The intended audience for the assessment is national and local decision-makers. The board of users included ten members representing government agencies, non-governmental organizations and the private sector. The advisory board was composed of seven members, including scientists and decision-makers and was chaired by Isabel Guerra of the Portuguese Ministry of Public Works, Transportation and Housing.

Contact information

Primary funding for the ptMA was provided by the MA, Xaiza Geral de Depósitos, and the University of Coimbra. In-kind contributions were also provided by the home institutions of the researchers. Further financial and in-kind support were received from: Faculdade de Ciências da Universidade de Lisboa, Universidade Católica Portuguesa, Universidade Nova de Lisboa and Universidade Técnica de Lisboa and Caminhos e Ferro, E.P..

Ecosystems Services Assessed

Provisioning services: water, food and fiber; regulating services: climate regulation, soil protection and runoff regulation; cultural services: recreation, education, ultural heritage and aesthetic value. Additionally, biodiversity was assessed.
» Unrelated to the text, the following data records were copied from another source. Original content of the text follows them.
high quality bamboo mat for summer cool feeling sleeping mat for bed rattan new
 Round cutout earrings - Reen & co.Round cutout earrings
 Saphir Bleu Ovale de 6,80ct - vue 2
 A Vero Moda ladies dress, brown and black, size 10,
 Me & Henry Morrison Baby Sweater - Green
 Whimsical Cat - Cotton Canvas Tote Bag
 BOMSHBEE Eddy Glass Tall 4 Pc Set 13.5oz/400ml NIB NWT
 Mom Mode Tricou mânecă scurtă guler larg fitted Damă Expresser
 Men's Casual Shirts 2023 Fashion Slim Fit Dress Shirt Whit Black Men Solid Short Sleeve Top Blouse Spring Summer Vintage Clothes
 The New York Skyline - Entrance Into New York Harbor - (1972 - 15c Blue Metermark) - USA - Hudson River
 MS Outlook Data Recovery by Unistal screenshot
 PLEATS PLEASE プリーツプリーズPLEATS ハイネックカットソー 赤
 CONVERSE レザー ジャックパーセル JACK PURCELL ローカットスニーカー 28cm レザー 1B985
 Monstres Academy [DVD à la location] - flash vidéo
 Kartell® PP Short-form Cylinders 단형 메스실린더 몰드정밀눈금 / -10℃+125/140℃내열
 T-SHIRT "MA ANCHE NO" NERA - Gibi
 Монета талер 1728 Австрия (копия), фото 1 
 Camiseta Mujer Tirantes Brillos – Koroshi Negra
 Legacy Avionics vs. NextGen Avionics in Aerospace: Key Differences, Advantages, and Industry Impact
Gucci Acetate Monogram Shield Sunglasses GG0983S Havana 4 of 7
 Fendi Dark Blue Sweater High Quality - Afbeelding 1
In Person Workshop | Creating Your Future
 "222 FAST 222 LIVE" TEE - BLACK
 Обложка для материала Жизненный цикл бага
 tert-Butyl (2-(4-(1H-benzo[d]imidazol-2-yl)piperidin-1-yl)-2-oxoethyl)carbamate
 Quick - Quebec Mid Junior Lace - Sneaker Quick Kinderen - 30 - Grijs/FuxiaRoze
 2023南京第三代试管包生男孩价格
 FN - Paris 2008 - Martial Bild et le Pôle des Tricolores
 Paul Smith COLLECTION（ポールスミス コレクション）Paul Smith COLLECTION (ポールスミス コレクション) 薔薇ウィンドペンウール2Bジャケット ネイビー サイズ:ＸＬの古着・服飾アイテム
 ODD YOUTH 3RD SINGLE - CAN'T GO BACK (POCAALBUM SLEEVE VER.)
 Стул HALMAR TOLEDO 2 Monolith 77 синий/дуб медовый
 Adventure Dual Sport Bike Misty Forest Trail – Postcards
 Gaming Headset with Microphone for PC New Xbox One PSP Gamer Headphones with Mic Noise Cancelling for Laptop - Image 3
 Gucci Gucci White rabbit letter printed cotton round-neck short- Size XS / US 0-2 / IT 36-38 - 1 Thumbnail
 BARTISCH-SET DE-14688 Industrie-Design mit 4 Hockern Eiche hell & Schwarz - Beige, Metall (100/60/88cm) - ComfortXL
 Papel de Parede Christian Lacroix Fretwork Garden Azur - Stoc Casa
Project Outputs and Results

Users and the research team identified the following as the primary drivers of change in ecosystem services in Portugal: fire regime, land tenure and farm structure, economic growth, land used changes related to multiple factors, tourism, introduction of exotic species, population distribution and migration, environmental legislation and attitudes towards this legislation, CAP, and international trade agreements.